== Materials provided
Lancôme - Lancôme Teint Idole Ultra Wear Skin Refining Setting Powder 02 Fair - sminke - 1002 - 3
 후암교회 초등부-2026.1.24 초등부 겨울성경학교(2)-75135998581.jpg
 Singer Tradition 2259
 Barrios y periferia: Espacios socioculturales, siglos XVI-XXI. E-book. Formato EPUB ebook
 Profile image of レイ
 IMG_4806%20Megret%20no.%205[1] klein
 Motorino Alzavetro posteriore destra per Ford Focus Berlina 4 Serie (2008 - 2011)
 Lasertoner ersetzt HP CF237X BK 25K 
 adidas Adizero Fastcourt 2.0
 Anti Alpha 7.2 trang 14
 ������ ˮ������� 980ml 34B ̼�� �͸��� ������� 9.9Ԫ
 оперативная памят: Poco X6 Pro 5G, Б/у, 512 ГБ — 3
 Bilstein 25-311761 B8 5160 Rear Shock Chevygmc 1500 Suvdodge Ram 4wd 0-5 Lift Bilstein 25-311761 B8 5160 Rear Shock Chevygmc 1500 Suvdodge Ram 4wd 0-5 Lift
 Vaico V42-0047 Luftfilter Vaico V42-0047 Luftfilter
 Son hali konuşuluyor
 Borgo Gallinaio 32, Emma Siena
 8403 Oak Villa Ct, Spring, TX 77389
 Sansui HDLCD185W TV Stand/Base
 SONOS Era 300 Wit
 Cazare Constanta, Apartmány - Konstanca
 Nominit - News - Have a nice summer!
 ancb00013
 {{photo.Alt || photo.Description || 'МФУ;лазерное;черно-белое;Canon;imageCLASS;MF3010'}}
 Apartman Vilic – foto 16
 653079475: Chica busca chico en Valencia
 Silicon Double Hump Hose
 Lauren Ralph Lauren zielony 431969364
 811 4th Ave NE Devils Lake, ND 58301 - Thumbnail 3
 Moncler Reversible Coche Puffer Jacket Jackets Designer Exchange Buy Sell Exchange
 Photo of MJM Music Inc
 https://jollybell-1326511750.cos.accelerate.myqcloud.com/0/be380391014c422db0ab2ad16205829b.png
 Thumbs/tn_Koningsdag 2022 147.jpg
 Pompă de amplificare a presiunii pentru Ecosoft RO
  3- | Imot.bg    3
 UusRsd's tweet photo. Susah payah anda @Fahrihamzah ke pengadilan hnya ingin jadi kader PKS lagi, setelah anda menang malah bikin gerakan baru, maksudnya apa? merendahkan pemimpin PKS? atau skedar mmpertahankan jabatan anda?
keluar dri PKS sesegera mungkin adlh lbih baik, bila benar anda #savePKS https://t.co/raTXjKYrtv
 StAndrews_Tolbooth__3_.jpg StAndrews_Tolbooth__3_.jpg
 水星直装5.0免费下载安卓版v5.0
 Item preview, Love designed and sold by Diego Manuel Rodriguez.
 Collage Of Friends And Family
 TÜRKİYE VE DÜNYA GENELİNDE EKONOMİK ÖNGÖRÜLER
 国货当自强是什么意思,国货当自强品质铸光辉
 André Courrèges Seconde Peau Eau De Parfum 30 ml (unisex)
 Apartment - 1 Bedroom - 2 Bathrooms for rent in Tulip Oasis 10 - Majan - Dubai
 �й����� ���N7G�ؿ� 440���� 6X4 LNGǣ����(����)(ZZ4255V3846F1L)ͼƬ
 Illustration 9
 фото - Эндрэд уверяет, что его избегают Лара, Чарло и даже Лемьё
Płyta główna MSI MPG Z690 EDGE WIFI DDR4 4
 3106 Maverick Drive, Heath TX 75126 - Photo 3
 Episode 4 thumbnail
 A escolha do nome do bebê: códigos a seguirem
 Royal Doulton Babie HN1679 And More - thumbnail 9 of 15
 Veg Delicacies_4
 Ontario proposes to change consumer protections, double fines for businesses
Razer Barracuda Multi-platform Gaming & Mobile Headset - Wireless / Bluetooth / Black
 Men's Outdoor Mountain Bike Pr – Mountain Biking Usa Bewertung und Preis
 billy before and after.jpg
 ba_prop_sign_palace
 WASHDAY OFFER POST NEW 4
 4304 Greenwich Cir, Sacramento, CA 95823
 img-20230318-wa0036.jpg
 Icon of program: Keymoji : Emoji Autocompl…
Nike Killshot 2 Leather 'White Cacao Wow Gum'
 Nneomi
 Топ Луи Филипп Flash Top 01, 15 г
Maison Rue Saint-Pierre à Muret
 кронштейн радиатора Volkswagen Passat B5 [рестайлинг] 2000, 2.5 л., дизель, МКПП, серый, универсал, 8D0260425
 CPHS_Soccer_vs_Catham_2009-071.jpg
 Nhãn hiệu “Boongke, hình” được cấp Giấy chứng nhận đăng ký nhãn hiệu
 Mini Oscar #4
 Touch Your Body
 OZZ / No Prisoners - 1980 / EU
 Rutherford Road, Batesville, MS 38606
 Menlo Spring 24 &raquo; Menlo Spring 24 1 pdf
====
[Your goal]: Reply by returning the full set of records above exactly.

[Task solution]:
Lancôme - Lancôme Teint Idole Ultra Wear Skin Refining Setting Powder 02 Fair - sminke - 1002 - 3
 후암교회 초등부-2026.1.24 초등부 겨울성경학교(2)-75135998581.jpg
 Singer Tradition 2259
 Barrios y periferia: Espacios socioculturales, siglos XVI-XXI. E-book. Formato EPUB ebook
 Profile image of レイ
 IMG_4806%20Megret%20no.%205[1] klein
 Motorino Alzavetro posteriore destra per Ford Focus Berlina 4 Serie (2008 - 2011)
 Lasertoner ersetzt HP CF237X BK 25K 
 adidas Adizero Fastcourt 2.0
 Anti Alpha 7.2 trang 14
 ������ ˮ������� 980ml 34B ̼�� �͸��� ������� 9.9Ԫ
 оперативная памят: Poco X6 Pro 5G, Б/у, 512 ГБ — 3
 Bilstein 25-311761 B8 5160 Rear Shock Chevygmc 1500 Suvdodge Ram 4wd 0-5 Lift Bilstein 25-311761 B8 5160 Rear Shock Chevygmc 1500 Suvdodge Ram 4wd 0-5 Lift
 Vaico V42-0047 Luftfilter Vaico V42-0047 Luftfilter
 Son hali konuşuluyor
 Borgo Gallinaio 32, Emma Siena
 8403 Oak Villa Ct, Spring, TX 77389
 Sansui HDLCD185W TV Stand/Base
 SONOS Era 300 Wit
 Cazare Constanta, Apartmány - Konstanca
 Nominit - News - Have a nice summer!
 ancb00013
 {{photo.Alt || photo.Description || 'МФУ;лазерное;черно-белое;Canon;imageCLASS;MF3010'}}
 Apartman Vilic – foto 16
 653079475: Chica busca chico en Valencia
 Silicon Double Hump Hose
 Lauren Ralph Lauren zielony 431969364
 811 4th Ave NE Devils Lake, ND 58301 - Thumbnail 3
 Moncler Reversible Coche Puffer Jacket Jackets Designer Exchange Buy Sell Exchange
 Photo of MJM Music Inc
 https://jollybell-1326511750.cos.accelerate.myqcloud.com/0/be380391014c422db0ab2ad16205829b.png
 Thumbs/tn_Koningsdag 2022 147.jpg
 Pompă de amplificare a presiunii pentru Ecosoft RO
  3- | Imot.bg    3
 UusRsd's tweet photo. Susah payah anda @Fahrihamzah ke pengadilan hnya ingin jadi kader PKS lagi, setelah anda menang malah bikin gerakan baru, maksudnya apa? merendahkan pemimpin PKS? atau skedar mmpertahankan jabatan anda?
keluar dri PKS sesegera mungkin adlh lbih baik, bila benar anda #savePKS https://t.co/raTXjKYrtv
 StAndrews_Tolbooth__3_.jpg StAndrews_Tolbooth__3_.jpg
 水星直装5.0免费下载安卓版v5.0
 Item preview, Love designed and sold by Diego Manuel Rodriguez.
 Collage Of Friends And Family
 TÜRKİYE VE DÜNYA GENELİNDE EKONOMİK ÖNGÖRÜLER
 国货当自强是什么意思,国货当自强品质铸光辉
 André Courrèges Seconde Peau Eau De Parfum 30 ml (unisex)
 Apartment - 1 Bedroom - 2 Bathrooms for rent in Tulip Oasis 10 - Majan - Dubai
 �й����� ���N7G�ؿ� 440���� 6X4 LNGǣ����(����)(ZZ4255V3846F1L)ͼƬ
 Illustration 9
 фото - Эндрэд уверяет, что его избегают Лара, Чарло и даже Лемьё
Płyta główna MSI MPG Z690 EDGE WIFI DDR4 4
 3106 Maverick Drive, Heath TX 75126 - Photo 3
 Episode 4 thumbnail
 A escolha do nome do bebê: códigos a seguirem
 Royal Doulton Babie HN1679 And More - thumbnail 9 of 15
 Veg Delicacies_4
 Ontario proposes to change consumer protections, double fines for businesses
Razer Barracuda Multi-platform Gaming & Mobile Headset - Wireless / Bluetooth / Black
 Men's Outdoor Mountain Bike Pr – Mountain Biking Usa Bewertung und Preis
 billy before and after.jpg
 ba_prop_sign_palace
 WASHDAY OFFER POST NEW 4
 4304 Greenwich Cir, Sacramento, CA 95823
 img-20230318-wa0036.jpg
 Icon of program: Keymoji : Emoji Autocompl…
Nike Killshot 2 Leather 'White Cacao Wow Gum'
 Nneomi
 Топ Луи Филипп Flash Top 01, 15 г
Maison Rue Saint-Pierre à Muret
 кронштейн радиатора Volkswagen Passat B5 [рестайлинг] 2000, 2.5 л., дизель, МКПП, серый, универсал, 8D0260425
 CPHS_Soccer_vs_Catham_2009-071.jpg
 Nhãn hiệu “Boongke, hình” được cấp Giấy chứng nhận đăng ký nhãn hiệu
 Mini Oscar #4
 Touch Your Body
 OZZ / No Prisoners - 1980 / EU
 Rutherford Road, Batesville, MS 38606
 Menlo Spring 24 &raquo; Menlo Spring 24 1 pdf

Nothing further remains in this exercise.